Third International Conference on Spoken Language Processing (ICSLP 94)
It is well known that the introduction of acoustic background distortion and the variability resulting from environmentally induced stress causes speech recognition algorithms to fail. In this paper, several causes for recognition performance degradation are explored. It is suggested that recent studies based on a source generator framework can provide the necessary foundation to establish robust speech recognition techniques. In addition, initial results from two studies are discussed which address both environmental noise and speaker perturbation due to stress for recognition.

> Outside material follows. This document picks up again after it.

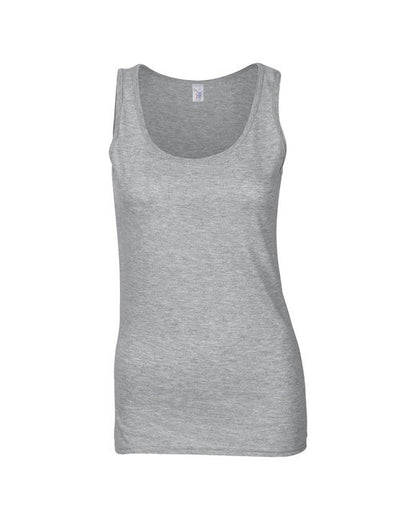 Gildan - Ladies' Softstyle® Fitted Tank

First, a novel constrained-iterative feature-estimation algorithm is considered which is shown to produce improved speech feature characterization in a wide variety of actual noise conditions (computer fan, large crowd, and voice communication channel noise using CCDATA). Second, a neural network based processing algorithm is formulated using one of several robust input feature sets, which detects and classifies the stressed speaker state. It is shown that a successful stress classification rate of 80.6% is possible when stress conditions are combined into groups of related domains. It is suggested that such knowledge could be used to monitor speaker state and direct feature estimation for improved robustness of speech recognizers. Further discussion of the overall source generator framework which models perturbation from vocal tract excitation to the environment is discussed.
Bibliographic reference. Hansen, John H. L. / Womack, Brian D. / Arslan, Levent M. (1994): "A source generator based production model for environmental robustness in speech recognition", In ICSLP-1994, 1003-1006.